John F. Kennedy has been on the half dollar since 1964, designed by Gilroy Roberts and Frank Gasparro — but the 2026 half dollar features a one-year-only 'Enduring Liberty' design depicting the Statue of Liberty, not Kennedy.
Kennedy replaced Benjamin Franklin on the half dollar in 1964, just four months after Kennedy's assassination. Gilroy Roberts sculpted the obverse portrait (initials 'GR' on the neck truncation) based on a 1961 inaugural medal. Frank Gasparro designed the heraldic eagle reverse (initials 'FG' on the eagle's tail feathers). For 2026 only, under Public Law 116-330, the obverse switches to 'Enduring Liberty' — a close-up of the Statue of Liberty's torch-bearing arm and crown, dual-dated 1776 ~ 2026. Starting in 2027, the half dollar enters the Paralympic program, beginning with a Wheelchair Basketball design. Kennedy does not automatically return.

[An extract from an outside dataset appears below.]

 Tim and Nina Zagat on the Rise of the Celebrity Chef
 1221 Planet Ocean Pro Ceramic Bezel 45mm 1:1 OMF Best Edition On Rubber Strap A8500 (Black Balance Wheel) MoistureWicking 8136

For 2026 only, the half dollar's obverse does not carry Kennedy's portrait. Under Public Law 116-330, the Circulating Collectible Coin Redesign Act of 2020, the US Mint issued a one-year 'Enduring Liberty' design marking the 250th anniversary of American independence.
| design name | Enduring Liberty |
|---|---|
| obverse subject | Close-up of the Statue of Liberty — specifically the torch-bearing arm and crown elements |
| reverse subject | Modified semiquincentennial reverse |
| obverse designer | TBD — pending verification against current US Mint announcement |
| reverse designer | TBD — pending verification against current US Mint announcement |
| dual date format | 1776 ~ 2026 |
| circulation status | circulating |
The 2026 Enduring Liberty design is a one-year issue. Beginning in 2027, the half dollar enters the Paralympic program — a multi-year series honoring Paralympic sports. The confirmed first design is Wheelchair Basketball. Kennedy does not automatically return as the standard obverse after 2026; the Paralympic program continues for a duration that the US Mint has not yet specified. This represents the first sustained departure from Kennedy's portrait on the circulating half dollar since his likeness was introduced in 1964.
Public Law 116-330 — Circulating Collectible Coin Redesign Act of 2020, signed January 13, 2021
John Fitzgerald Kennedy served as the thirty-fifth President of the United States from January 20, 1961 until his assassination on November 22, 1963 in Dallas, Texas. Born May 29, 1917 in Brookline, Massachusetts, Kennedy was a decorated World War II naval officer whose PT-109 torpedo boat was sunk by a Japanese destroyer in 1943. He served as US Senator from Massachusetts from 1953 to 1960 before winning the presidency against Richard Nixon. His presidency included the Cuban Missile Crisis of October 1962, the establishment of the Peace Corps in 1961, the signing of the Nuclear Test Ban Treaty in August 1963, and the commitment to land Americans on the Moon by the end of the decade.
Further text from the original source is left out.